What is required - Reproduce the records below exactly, leaving their images out.

•••

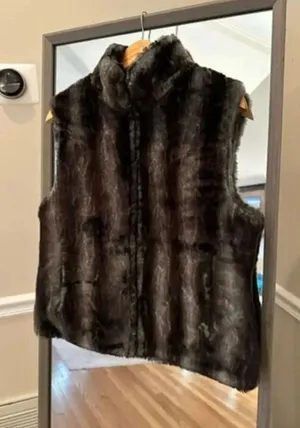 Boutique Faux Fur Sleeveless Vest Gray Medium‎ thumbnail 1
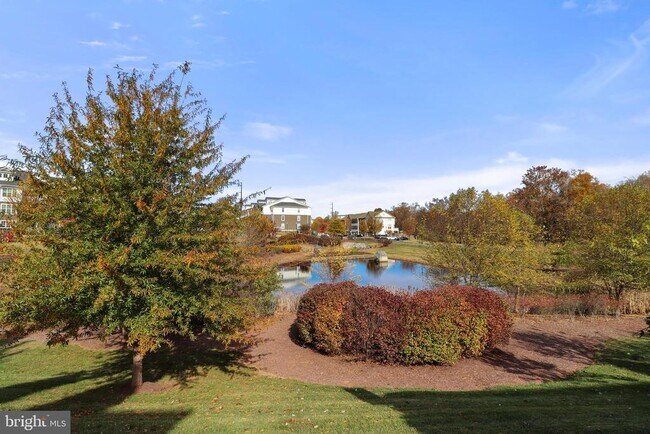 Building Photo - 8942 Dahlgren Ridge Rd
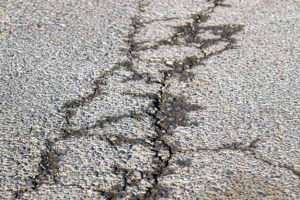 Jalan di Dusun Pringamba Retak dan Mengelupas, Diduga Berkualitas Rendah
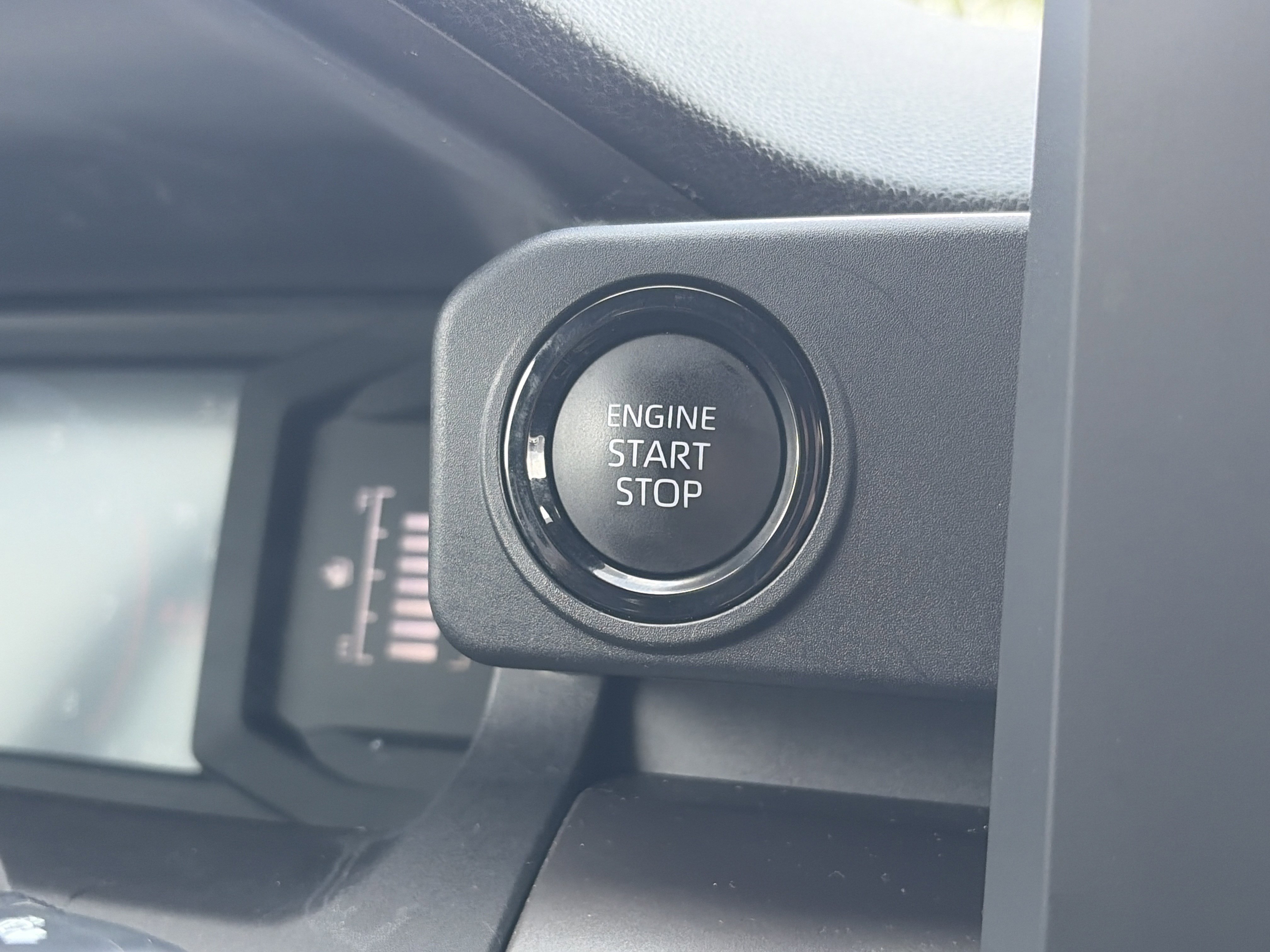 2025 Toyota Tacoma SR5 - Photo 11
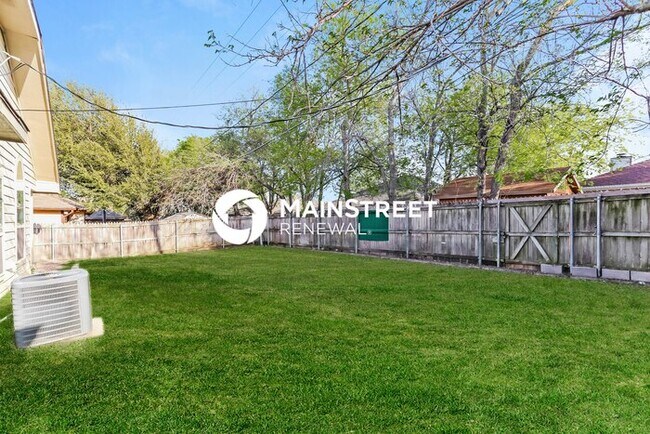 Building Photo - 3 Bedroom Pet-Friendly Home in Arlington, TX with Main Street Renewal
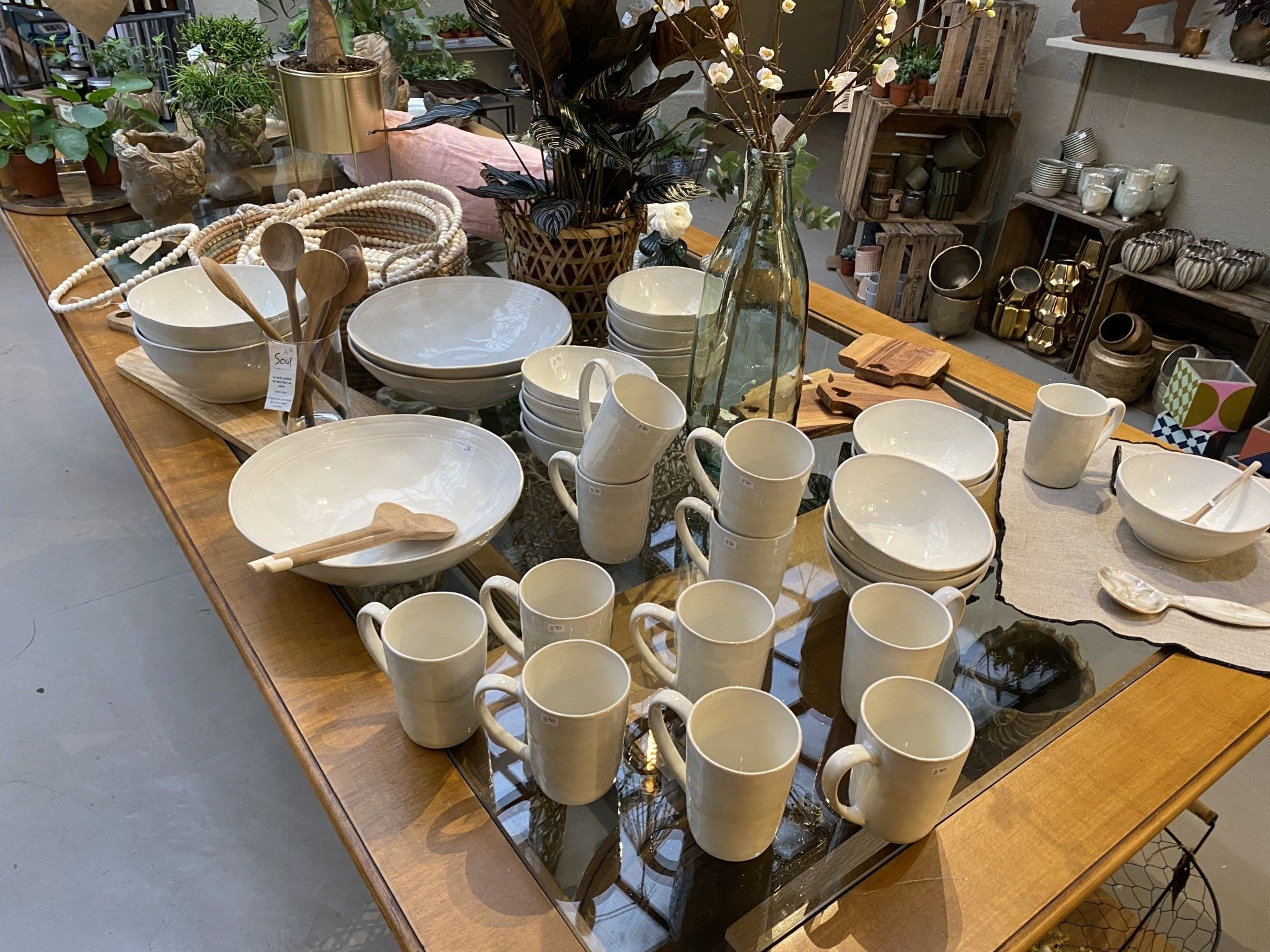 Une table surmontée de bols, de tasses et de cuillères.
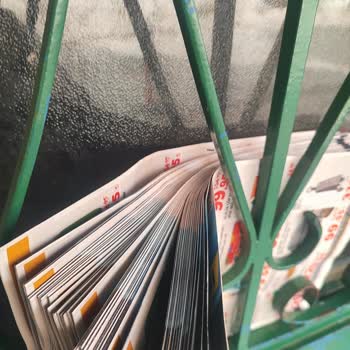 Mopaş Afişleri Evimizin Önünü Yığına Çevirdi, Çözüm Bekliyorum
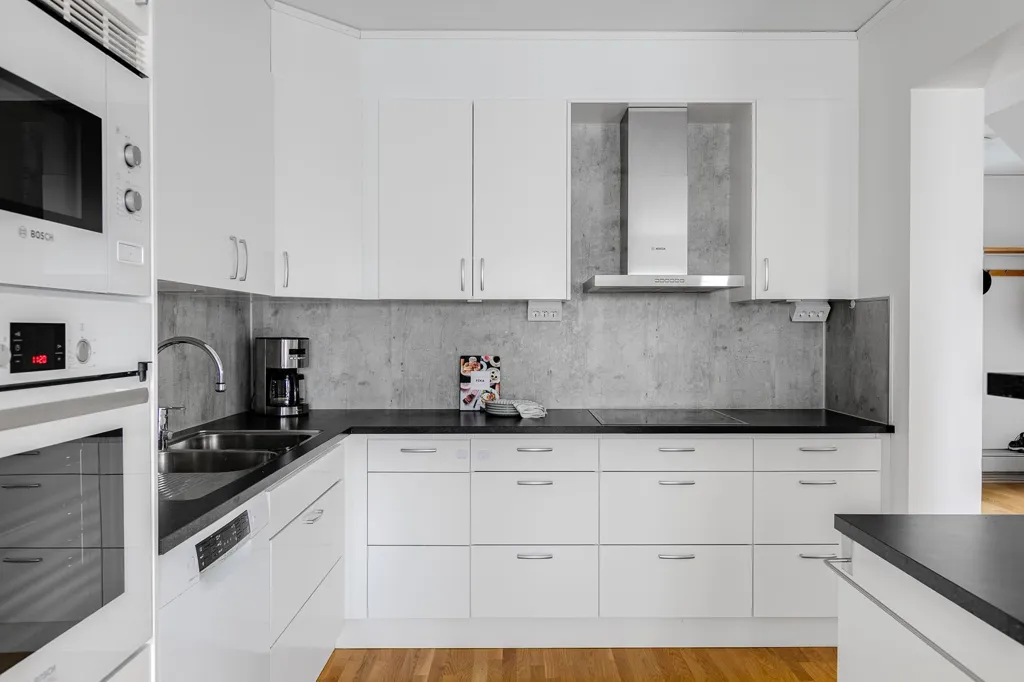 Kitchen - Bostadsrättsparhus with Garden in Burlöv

•••

Answer to this exercise -
 Boutique Faux Fur Sleeveless Vest Gray Medium‎ thumbnail 1
 Building Photo - 8942 Dahlgren Ridge Rd
 Jalan di Dusun Pringamba Retak dan Mengelupas, Diduga Berkualitas Rendah
 2025 Toyota Tacoma SR5 - Photo 11
 Building Photo - 3 Bedroom Pet-Friendly Home in Arlington, TX with Main Street Renewal
 Une table surmontée de bols, de tasses et de cuillères.
 Mopaş Afişleri Evimizin Önünü Yığına Çevirdi, Çözüm Bekliyorum
 Kitchen - Bostadsrättsparhus with Garden in Burlöv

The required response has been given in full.